Jeremias Macário | uma sociedade cruel e estúpida

Foto: BLOG DO ANDERSON

Os segmentos da sociedade pouco reagiram, somente as famílias foram às ruas protestar e a mídia apenas deu alguns registros do fato. Estou me referindo à brutalidade cometida contra dois rapazes negros que furtaram uns quilos de carne no Supermercado Atacarejo, em Salvador, na última semana. Diante de tanta crueldade e estupidez de crimes hediondos, a nossa sociedade, de tão insensível, não reage mais, e ainda tem muitos que acham que eles deveriam mesmo era morrer nas mãos dos traficantes, conforme foram entregues pelos seguranças do estabelecimento. >>>>>.

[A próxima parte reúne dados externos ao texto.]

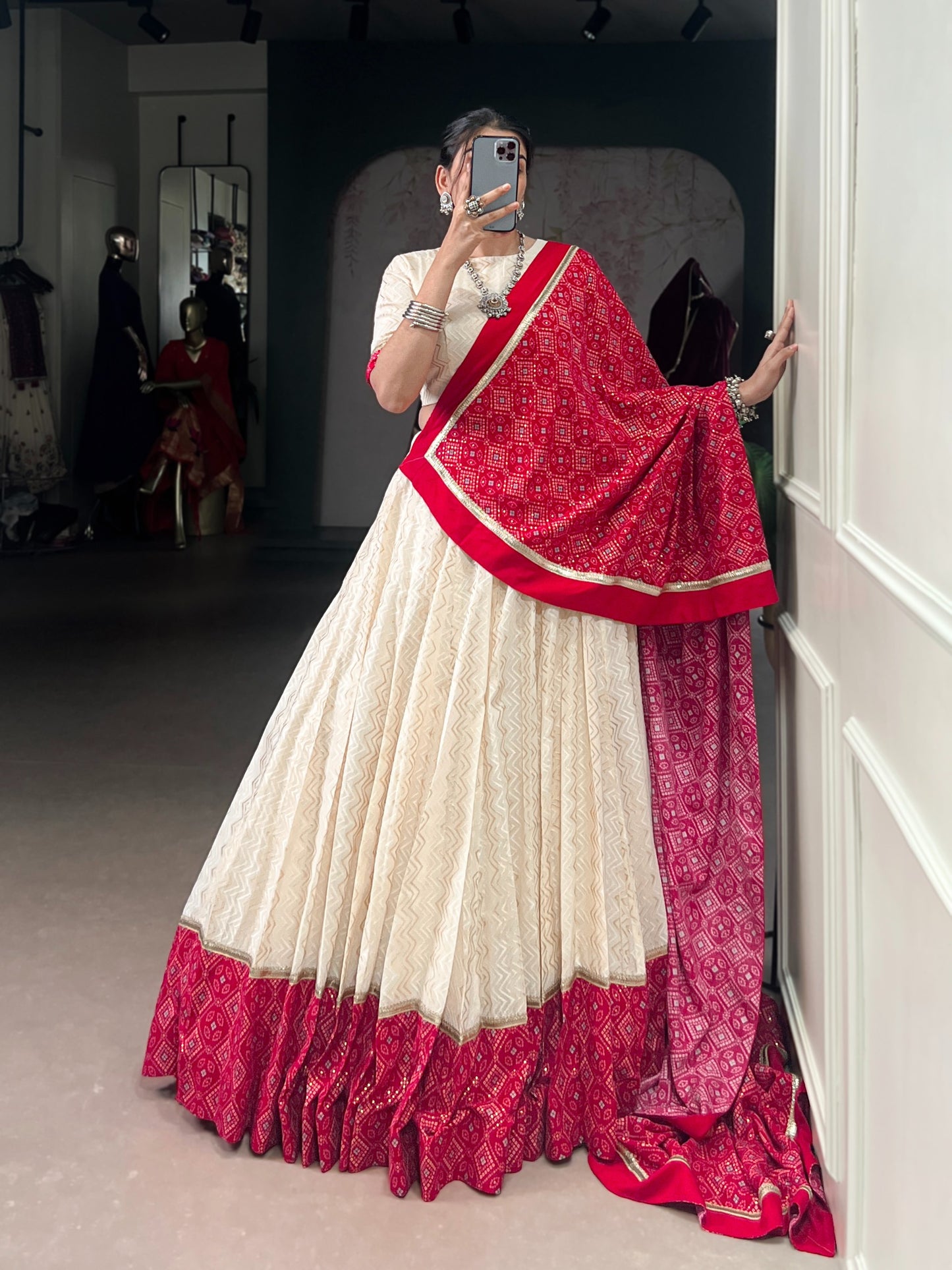 Red & Ivory Zigzag Bandhej Print Lehenga Choli Set with Dupatta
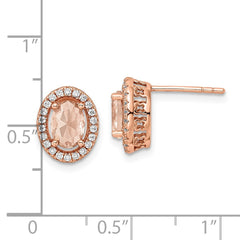 Rose Gold-plated Sterling Silver Polished Pink & White CZ Oval Post Earrings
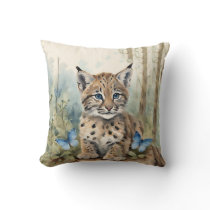 Baby Bobcat Boys  Throw Pillow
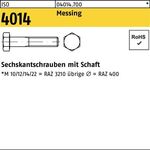 Sechskantschraube ISO 4014 Schaft M8x 40 Messing 100 Stück - VPE: 100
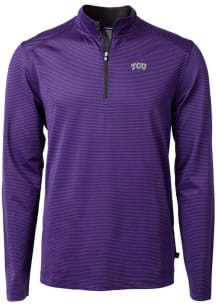 Cutter and Buck TCU Horned Frogs Mens Purple Virtue Eco Pique Micro Stripe Long Sleeve 1/4 Zip P..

  A pergunta que não quer calar é se essa não é uma prática adotada pelo supermercado, ao invés de chamar a polícia para registrar o ocorrido na delegacia?  Como se trata de pobres negros, essa será mais uma atrocidade que irá cair no esquecimento e entrar na pasta dos arquivos mortos.

   Não interessa se eles tinham ou não passagens na polícia e quais foram as intenções ao pegarem os pacotes de carne, se por motivo de fome ou se para fazerem uma farra. Enquanto isso, os corruptos de colarinho branco da falecida Operação Lava-Jato estão todos sendo soltos e inocentados pelos seus roubos aos cofres públicos.

   Ao ver aquela cena dos dois sentados num canto ao lado dos pacotes, com semblantes de pavor, terror e medo de serem mortos, lembrei imediatamente quando eu e um colega inventamos de cometer um furto de doces, chocolates e biscoitos para comer no Supermercado Paes Mendonça, do Politeama, na mesma Salvador, no início dos anos 70.

   Quando fomos pegos pelos seguranças e fomos ameaçados de serem entregues à polícia, ficamos aterrorizados e pedimos clemência. Nessa época a sociedade não era tão desumana, e os guardas tiveram compaixão de nós e nos liberaram. Nessa época estávamos atravessando aquele aperto de passar fome por falta de dinheiro. Foram tempos duros na vida.

   Poderíamos ter sido mortos também por causa de uns pacotinhos de comida, mas tivemos a sorte da piedade dos vigias, que contou a nosso favor. Os dois do Atacarejo foram entregues aos algozes que certamente receberam algum benefício parta eliminar duas vidas humanas, coisa que não se faz isso nem com os bichos.

  A selvageria e a violência tomaram conta dessa sociedade podre e hipócrita que não mais se abala com os crimes mais primitivos e aterrorizadores. Tudo é encarado como normal, comum e legal. As instituições não mais reagem como como deveria. A imprensa apenas se presta a noticiar o factual, e logo ninguém mais comenta a crueldade, como no caso do homem negro que foi espancado até a morte em outro Supermecado de Porto Alegre.

   Os culpados serão mais uma vez premiados pela impunidade, e não tarda muito a acontecer outra estupidez. Aqui em Vitória da Conquista ninguém mais recorda da chacina cometida por um grupo de policiais num bairro da periferia, que agora não me vem o nome na cabeça.

    Vários jovens de uma mesma família foram assassinados friamente porque um militar havia sido morto por um bandido. Promotores foram ameaçados de prosseguir com a investigação. Como membro da ABI (Associação Bahiana de Imprensa) dei uma nota de apoio ao trabalho da Justiça. Fui repreendido por um “cidadão” ao afirmar que as vítimas tiveram o merecido e que deviam ser mortos mesmo.

    Temos hoje um Brasil tipo faroeste bang-bang dos filmes norte-americanos onde o episódio, como o dos rapazes da carne, se resolve na tortura e na bala. Só faltou arrastarem as vítimas pelas ruas, não puxados por cavalos, mas por carros, com uma placa “esses furtaram uns quilos de carne, que o castigo sirva de exemplo”.